YOUR GOAL: Set down each line of the material that follows exactly, and leave its pictures out.

RAW DATA:
····················

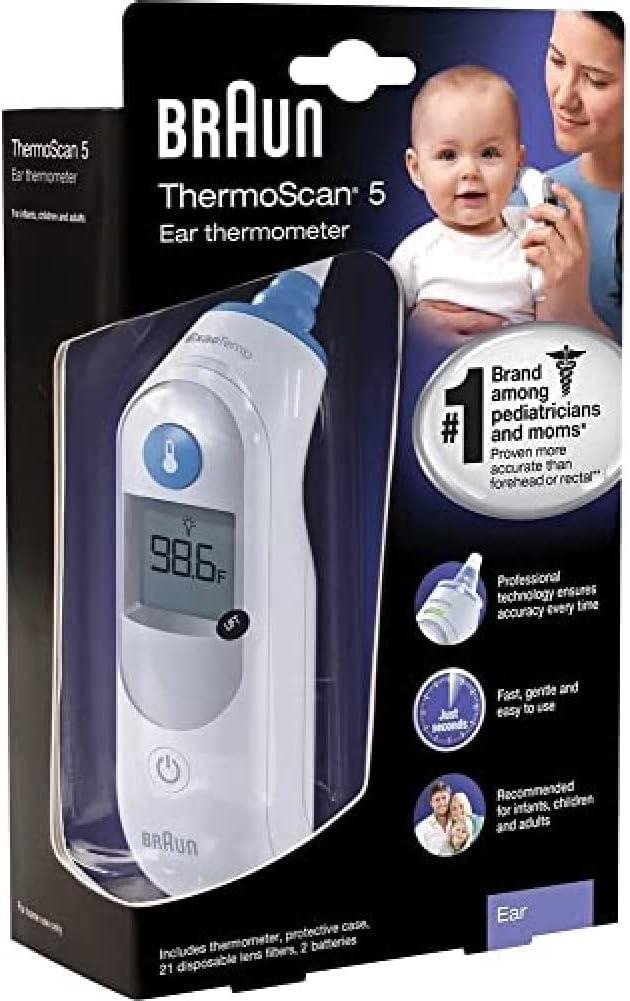 Braun ThermoScan Tympanic Ear Thermometer Digital Display 32878506015 1 Each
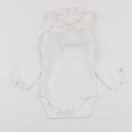 Petit Bateau - body à col blanc - 6 mois
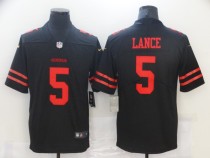 Men's San Francisco 49ers #5 Trey Lance 2021 NFL Draft Black Vapor Untouchable Limited Jersey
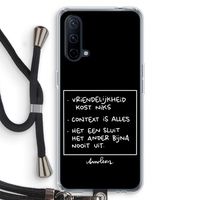 Mijn Motto's: OnePlus Nord CE 5G Transparant Hoesje met koord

····················

WRITTEN ANSWER:
 Braun ThermoScan Tympanic Ear Thermometer Digital Display 32878506015 1 Each
 Petit Bateau - body à col blanc - 6 mois
 Men's San Francisco 49ers #5 Trey Lance 2021 NFL Draft Black Vapor Untouchable Limited Jersey
 Mijn Motto's: OnePlus Nord CE 5G Transparant Hoesje met koord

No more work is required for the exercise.